While some of these terrorist threats are certainly genuine, and while we must remain vigilant, this administration's cried wolf too often to retain much credibility in the matter.
Funny how this election-postponement idea wasn't test-marketed when President Bush was riding high in the polls.
Is our democracy so fragile and delicate that we're willing to call off our elections - the foundation of what our country is all about - because of vague "threats?" Has President Bush really been that successful in instilling a culture of fear in America? (What an utter contrast with FDR, who declared that "the only thing we have to fear is fear itself.") Or does he detect that this might be his party's only shot at holding onto power, as an increasing number of Americans see through his administration's manipulations?
Will the Republicans wait for some Big Event, one that frightens enough of the public, and suddenly decide it's time to have the election? The potential for Machiavellian abuses of this idea is truly staggering.

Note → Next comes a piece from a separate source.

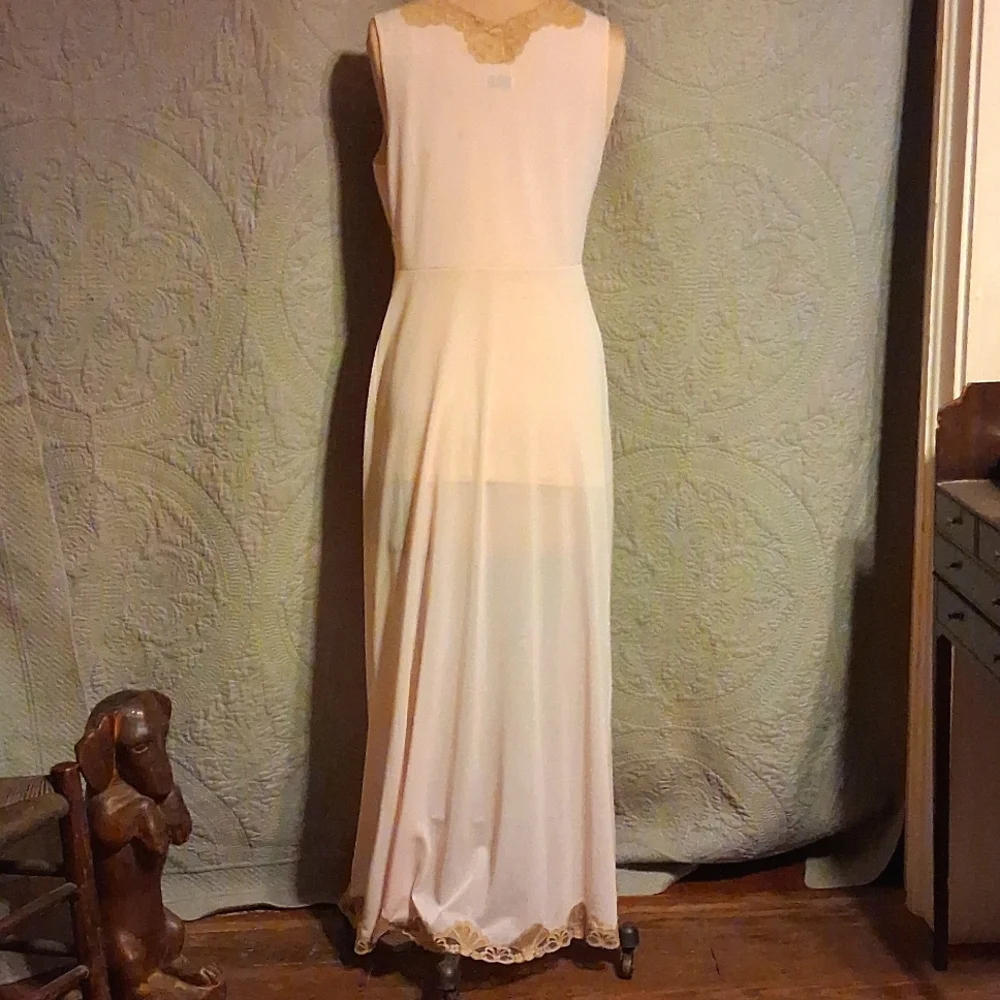Emilio Pucci Vtg Robe & Chemise Set In Soft Pink W Bronze Lace.  Rare.  Medium
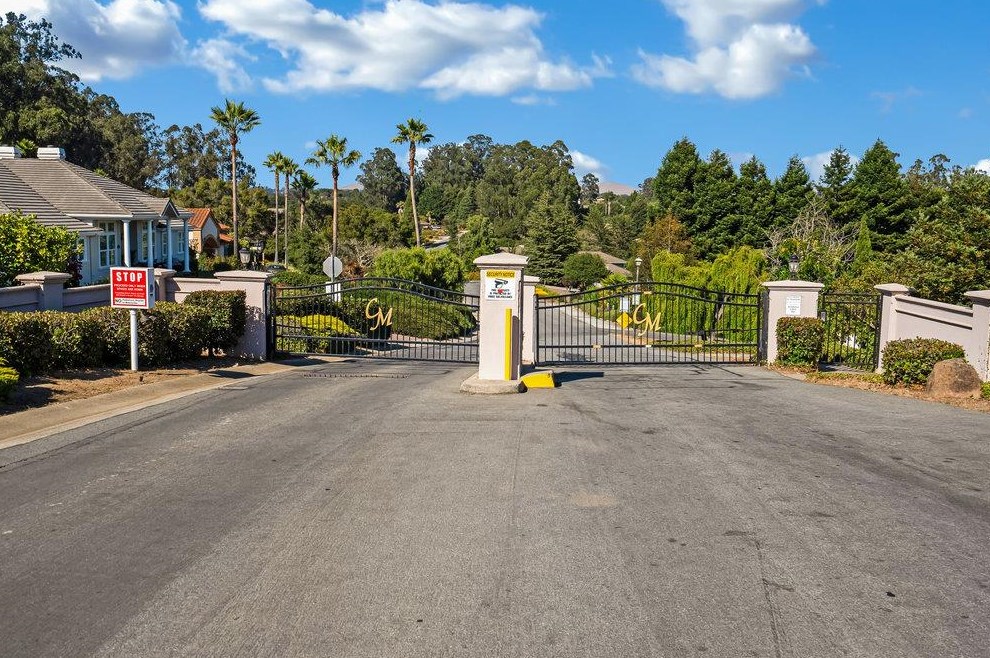 18383 Meadow Ridge Rd, Salinas, CA 93907-1643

A truly visionary president would go out of his way to ensure that our elections will be held on schedule, no matter what. He would issue a loud warning to those who would try to attack us that they would not succeed in disrupting our institutions. We are not a Latin American oligarchy, with sham "elections" held at the whim of military juntas.
The most savvy approaches to thwarting terror threats around Election Day would involve shoring up our homeland security around polling places, but the department's budget remains grossly under funded. Heck, the anthrax mailer has been all but forgotten.
A postponement of the election would be the ultimate victory for terrorism over America. After all, isn't that what our troops overseas are supposedly fighting for? Freedom and democracy? The right to choose those who would lead us?
Sounds like Bush might be afraid that the election will yield the "wrong" result. If Presidents Lincoln and Roosevelt ever experienced that fear, they never revealed it publicly. But even if they did, they put America's best interests ahead of their own.
Given the well-warranted public outrage over this GOP trial balloon, there is still hope that President Bush will put the Constitution first as well. But it's a shame that the question even has to be asked.
Whatever the motives involved, one fact is indisputable. President Bush is no Abraham Lincoln. Nor is he a Franklin Roosevelt.
When we cease to have elections, we cease to be America.